Since that fateful day, we’ve embarked on a number of pretty exciting projects with Seneca, such as their hosting of hardware for development of MDC and AMO work, test environments, some pretty awesome buildbot hacking, multi-compiler support for distcc, and APNG support.
And, of course, the most excellently righteous “Topics in Open Source” course, which Dave is teaching for the first time this term, and in which I have been joined by several Mozilla compatriots in miseducating eager students about topics many and varied. As with most interesting things, it has not been all flowers and roses — entering our community can be daunting for even the most intrepid of newbies — but I think that some great stuff has and will come of it. The amount of energy and enthusiasm there is just ridiculous, and as a wiser man would have predicted I’m having a hard time keeping up with the students. Ah, to be young again.

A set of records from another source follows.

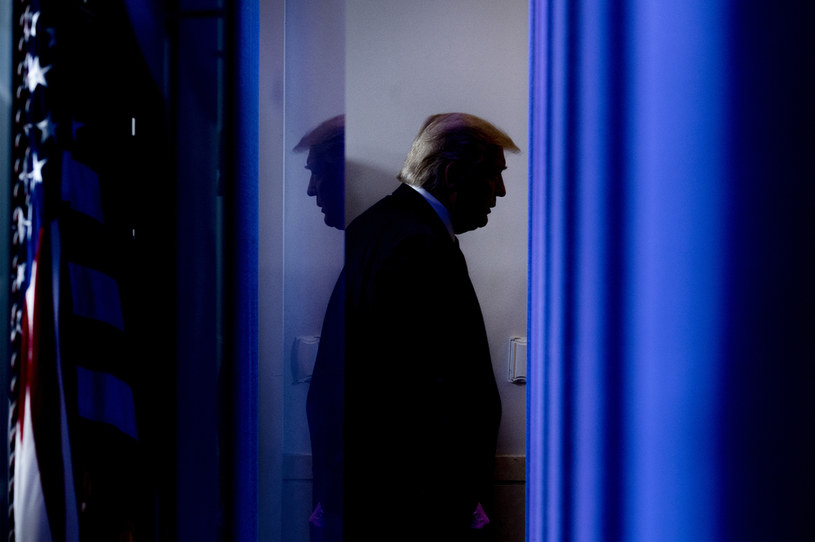Donald Trump odchodzi /AFP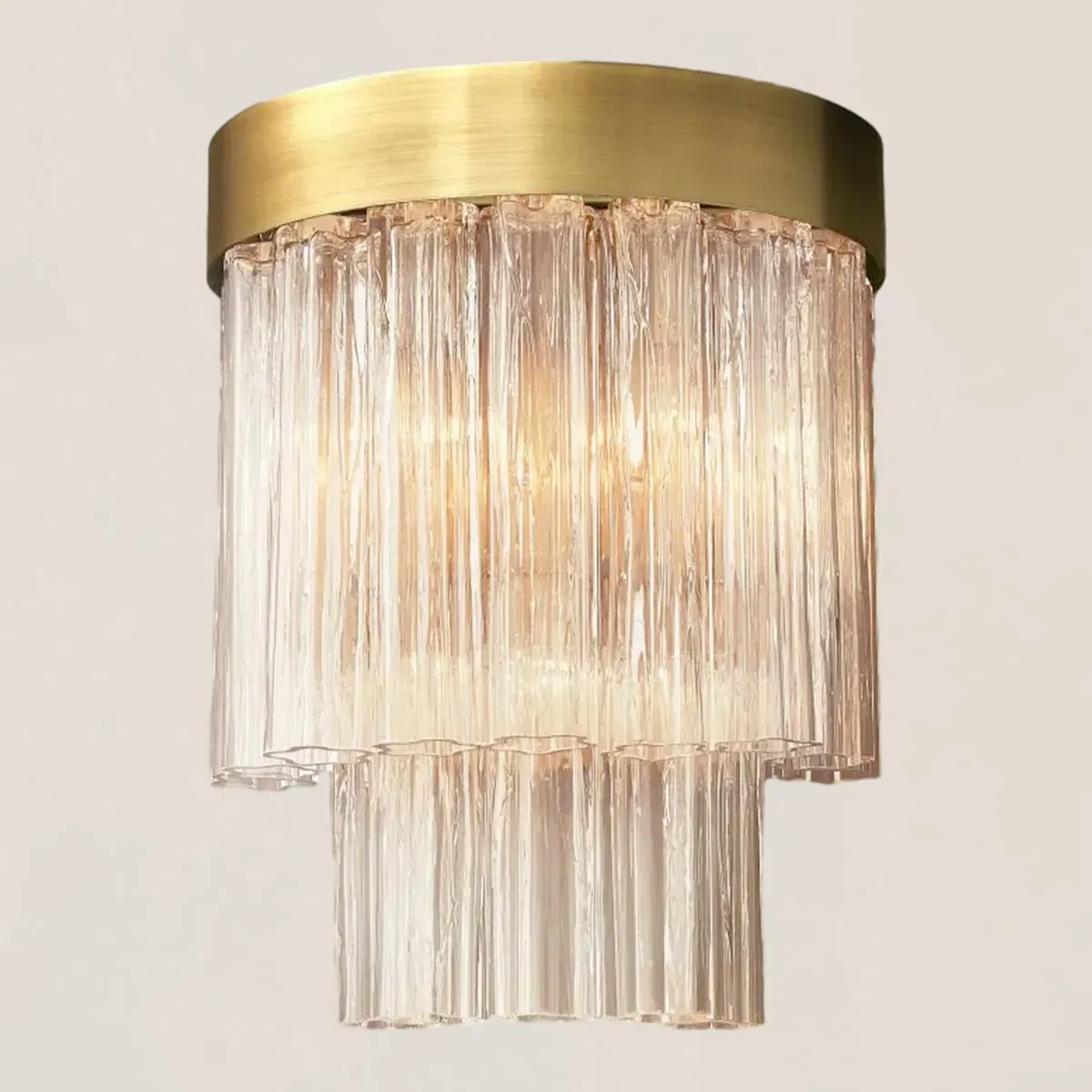 Cielo Glass Wall Sconce-VaseLamps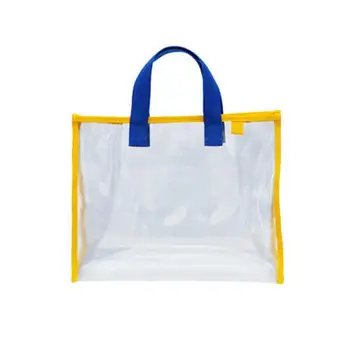 Летняя водонепроницаемая прозрачная пляжная сумка-тоут Большая вместительная сумка на плечо Для отдыха, для женщин, для путешествий, для плавания, для хранения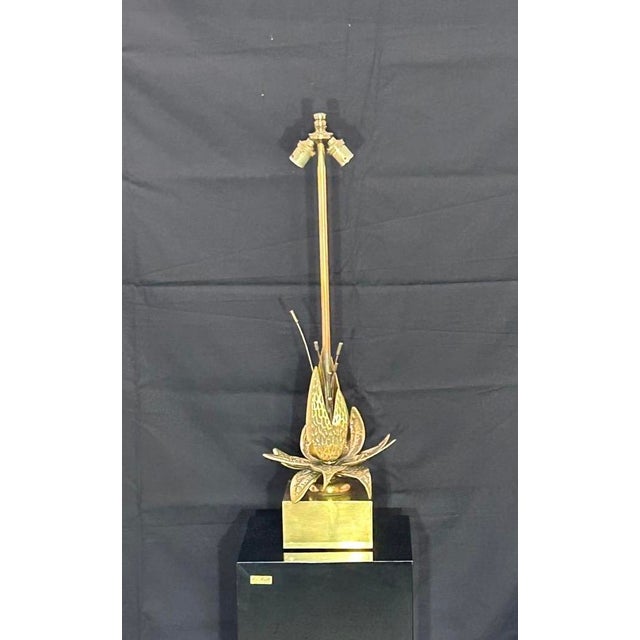 Vintage Bronze and Brass Lamp, 1970s For Sale - Image 12 of 18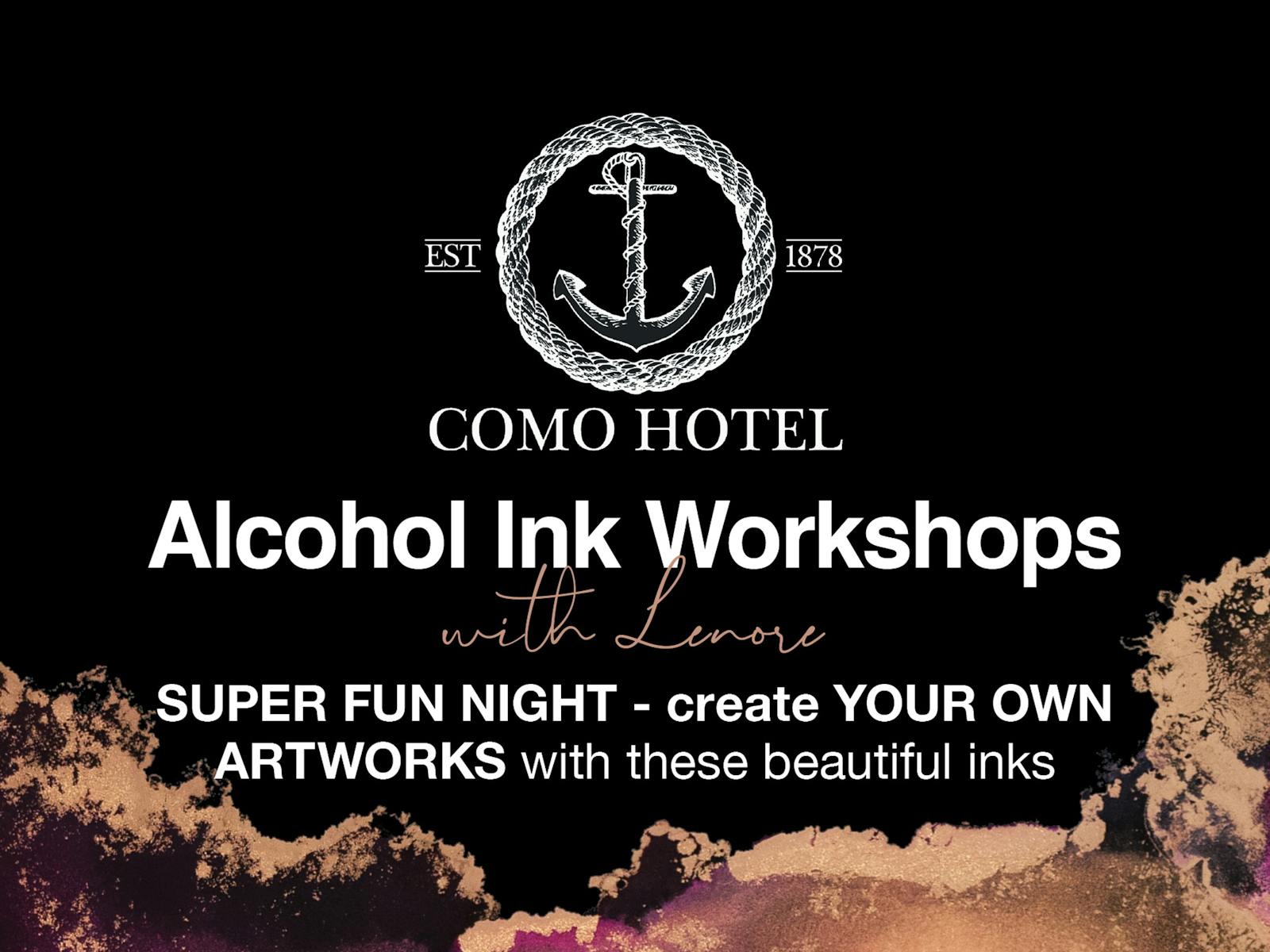 Image for Alcohol Ink Workshop at Como Hotel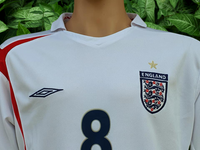 ENGLAND 2006 WORLD CUP QUARTER-FINALS LAMPARD 8 HOME UMBRO JERSEY SHIRT LARGE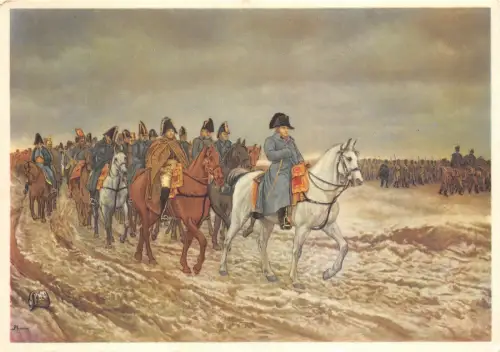 Br21999 Campagne de france J L E Meissonnier Ecole Francaise Gemälde Postkarte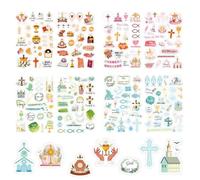 GlamRays 205 colles chrétiennes pour baptême, religion et cadeaux de Pâques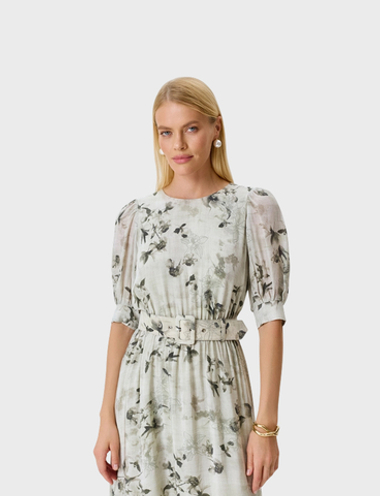 Платье с поясом BULMER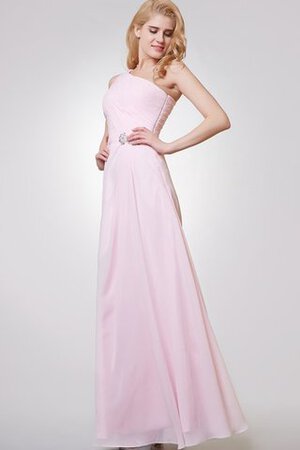 Abito da Sera con Increspato A Terra Lungo A-Line Senza Maniche in Chiffon - Foto 2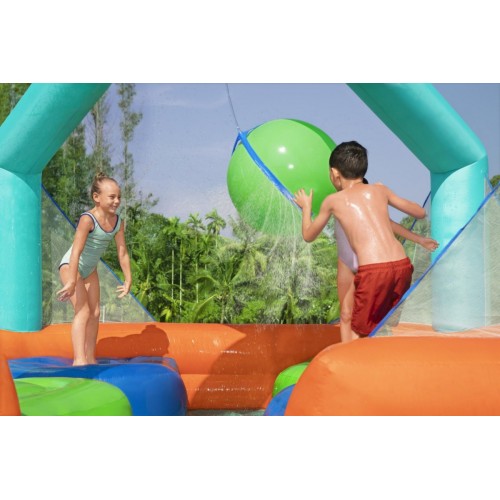 Dětské hřiště Vodní park Dodge Drench BESTWAY + vodní sprcha + 4 nafukovací plošiny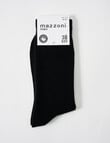Mazzoni Merino Acrylic-Blend Sock, Black product photo View 02 S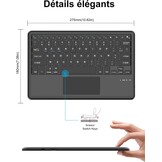 AZERTY Toetsenbordhoes Zwart PU-leer voor Lenovo Tab P12 12,7 inch - 58% Korting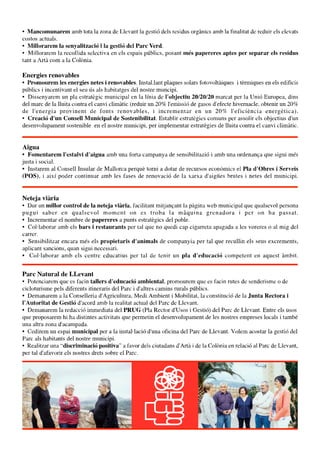 Programa electoral 2015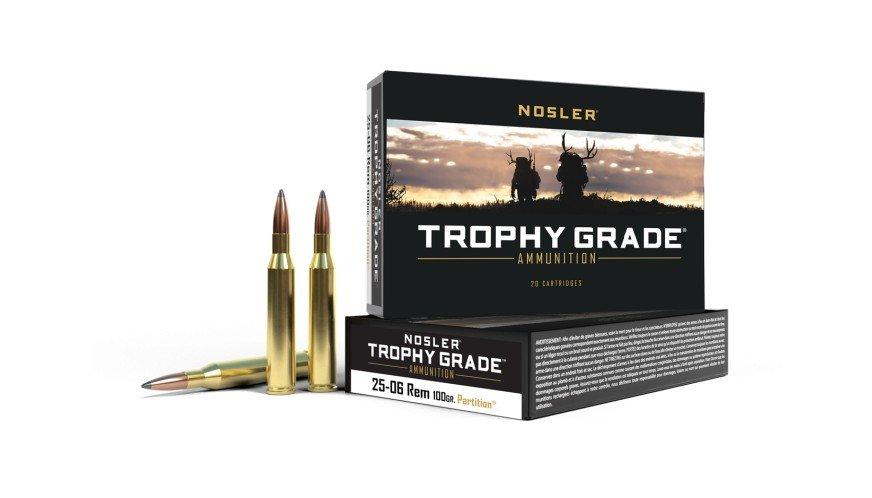 Nosler Partition Trophy Grade 25-06 Remington Rifle Ammunition 20 Round Box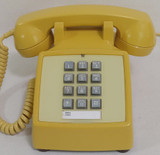 Western Electric 2500DM touch tone phone in Yellow 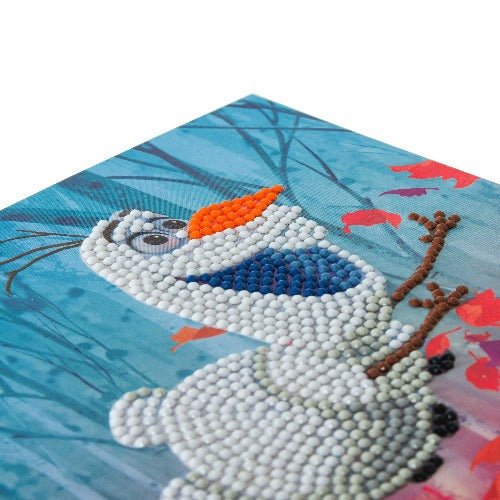 Load image into Gallery viewer, &amp;quot;Floating Olaf&amp;quot; Crystal Art Card 18x18cm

A little more than a week from now, on October 26th and 27th, Mozilla is co-sponsoring Seneca’s Free Software and Open Source Symposium. A generous handful of Mozillians will be in attendance or speaking, and I predict ample opportunity to talk with Dave and his fellow crazy people about what they’re doing, what’s working so far, what we could try next, and how to get involved in whatever way strikes your fancy. The lineup of speakers looks pretty great, present company excepted of course, and it’s hard to imagine a better way to spend $20 of your open-source-self-education budget. Hope to see you there!